Bandung
Mawardi
PENGELOLA JAGAT ABJAD SOLO
Partai politik itu "mesin
kebohongan" dan "mesin korupsi". Sinisme ini muncul saat publik
merasa mendapati dusta politik, moral, dan hukum dari partai politik.
Pengharapan atas demokrasi justru pupus oleh ulah partai politik. Kaum politikus
pun ada di arus deras uang dan melenggang di jalan kenistaan. Partai politik
abai terhadap misi edukasi politik atau "keinsjafan politik" seperti
seruan Mohamad Hatta (1946). Publik malah direpotkan oleh ulah kaum politikus
saat mengumandangkan "politik bersetia". Agenda ini kerap demi
popularitas diri, keselamatan jabatan, dan pragmatisme politis. Politik
bersetia mengartikan iman untuk pemaknaan diri di partai politik ketimbang
pengabdian demi misi demokrasi. Kondisi ini menistakan antusiasme publik dalam
merawat demokrasi.
Samuel P.
Huntington (1983) menjelaskan bahwa korupsi atas nama partai politik bisa
"mengawetkan" sistem politik dari perombakan. Korupsi itu basis dari
akumulasi dan kemapanan kekuasaan di bawah naungan partai politik. Kesejarahan
partai politik sebagai instrumen modernisasi telah mengalami metamorfosis
sebagai penjerat demokratisasi. Partai politik menghendaki sebagai sumber
legitimasi dan otoritas meski melukai optimisme publik dalam selebrasi
demokrasi. Penjelasan sarkastik itu bisa dijadikan acuan untuk membaca ulah
partai politik di Indonesia saat mengartikan korupsi sebagai basis modal
mengukuhkan otoritas (ilusif) di mata publik. Partai politik justru bergerak
dengan puja uang ketimbang menjalankan amanah demokrasi.
Pengertian
kita untuk partai politik memang identik dengan amalan politik modern dan
embusan nasionalisme. Maklumat Presiden 3 November 1945 telah menganjurkan
pembentukan partai politik di Indonesia. Maklumat ini ditandatangani oleh Hatta
tanpa ada jejak Sukarno. Indonesia pun riuh oleh 147 partai politik (Wawan
Tunggul Alam, Pertentangan Sukarno VS Hatta, 2003). Hatta dan Sutan
Sjahrir menganggap multipartai bakal menggerakkan agenda-agenda demokrasi di
Indonesia. Selebrasi politik ini membuat Sukarno resah. Sukarno menganggap multipartai
bisa merusak revolusi dan membangkrutkan nasionalisme. Sukarno pun merasa Hatta
telah "menyerobot" nalar kekuasaan-revolusi demi misi demokrasi
beraroma Barat dan kapitalisme.
Hatta saat
itu menghendaki partai politik adalah representasi dari kedaulatan rakyat
dengan agenda "mendidik rakjat" dan semaian "keinsjafan
politik". Optimisme menarasikan Indonesia melalui partai politik
dimaksudkan untuk memaknai demokrasi. Hatta memang tampak mengusung teori-teori
politik Barat meski memiliki "mengakarkan" demokrasi ke
historisitas-kultural di Indonesia. Partai politik sejak semula memikul amanah
publik kendati melaju kencang sebagai mesin untuk pragmatisme dan korupsi.

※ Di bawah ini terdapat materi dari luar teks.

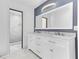Modern bathroom with double vanity, sleek mirrors, and glass-enclosed shower with marble tiles at 3547 Medford Rd, Casselberry, FL 32707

Optimisme ala Hatta seolah runtuh oleh ulah partai politik di Indonesia saat ini
karena mengisahkan diri dalam tema korupsi.
Tabiat
buruk itu mengesahkan curiga: partai politik untuk sirkulasi elite tapi abai
mengedukasi publik. "Penciptaan" dan sebaran elite melalui
"mesin politik" itu mengakibatkan ada sengketa meraih kekuasaan dan
mengumbar otoritas demi melegitimasi karisma tokoh atau sihir partai politik.
Seruan Pareto dan David E Apter (1965) tentang peran partai politik sebagai
kombinasi misi "sirkulasi elite" dan pendidikan-sosialisasi politik
tampak tak mengejawantahkan di Indonesia. Partai politik telah mendefinisikan
diri sebagai mesin pengeruk uang (korupsi) dan pendusta demokrasi. Partai
politik kentara mengibuli rakyat dengan permainan simbolis dan bias bahasa saat
menebar iklan, pidato, lagu, buku. Partai politik adalah kontradiksi (logika)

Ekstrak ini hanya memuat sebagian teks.